◆ WHAT THE EXERCISE ASKS: Set down the entries below exactly, leaving out all images.

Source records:
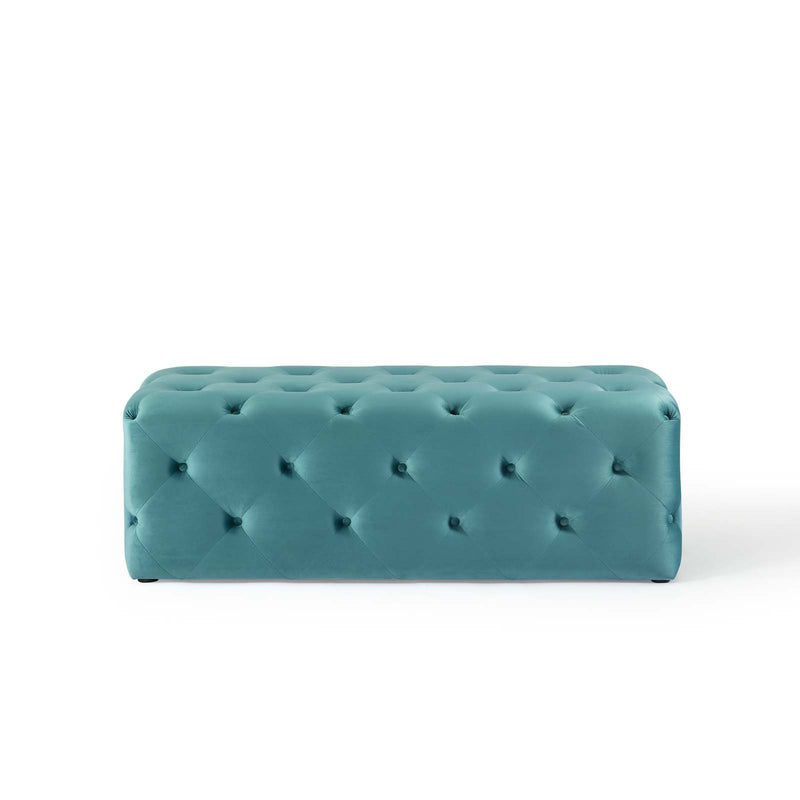 Amour Tufted Button Entryway Performance Velvet Bench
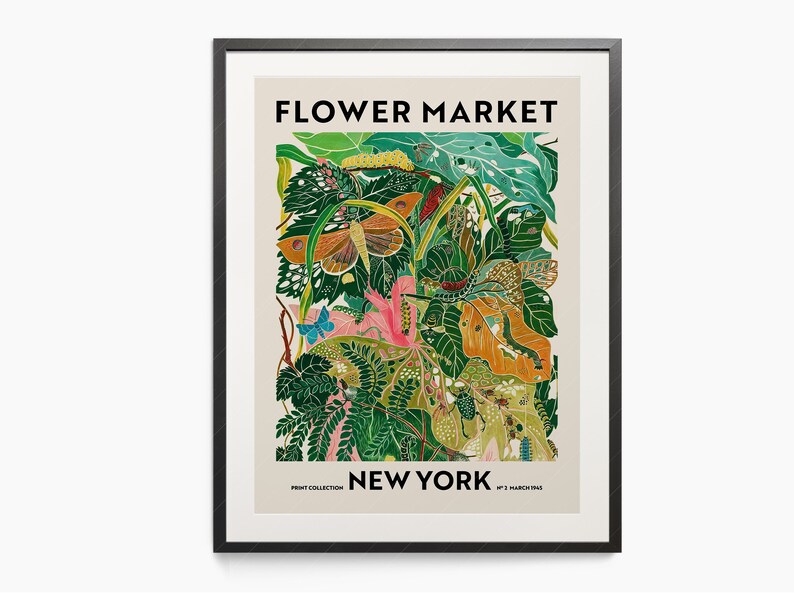 Flower Market Print, New York Poster, Floral Wall Decor, Flower Art Print, Green Garden Print, Leaves Leaf Poster, Plant Art, Modern Style image 3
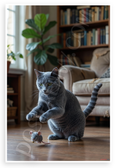 Russian Blue Cat Playing with Toy Mouse Whimsical 12x18 US Made Poster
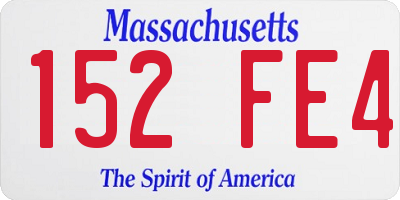MA license plate 152FE4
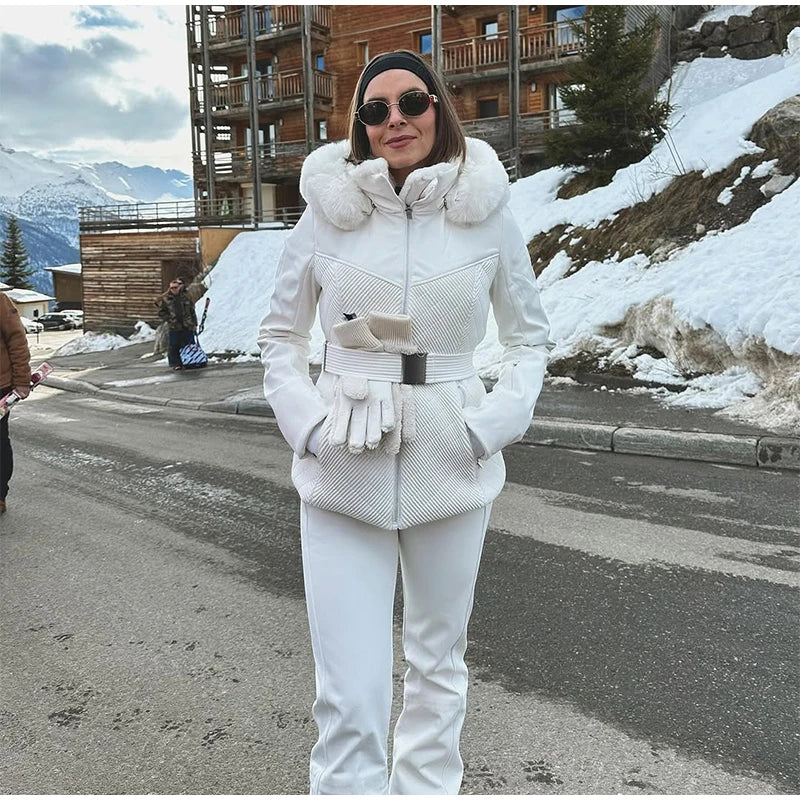 Warm Fur Trim Hooded Winter Ski Suit with Belt for Women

◆ ANSWER SPACE:
 Amour Tufted Button Entryway Performance Velvet Bench
 Flower Market Print, New York Poster, Floral Wall Decor, Flower Art Print, Green Garden Print, Leaves Leaf Poster, Plant Art, Modern Style image 3
 Russian Blue Cat Playing with Toy Mouse Whimsical 12x18 US Made Poster
MA license plate 152FE4
 Warm Fur Trim Hooded Winter Ski Suit with Belt for Women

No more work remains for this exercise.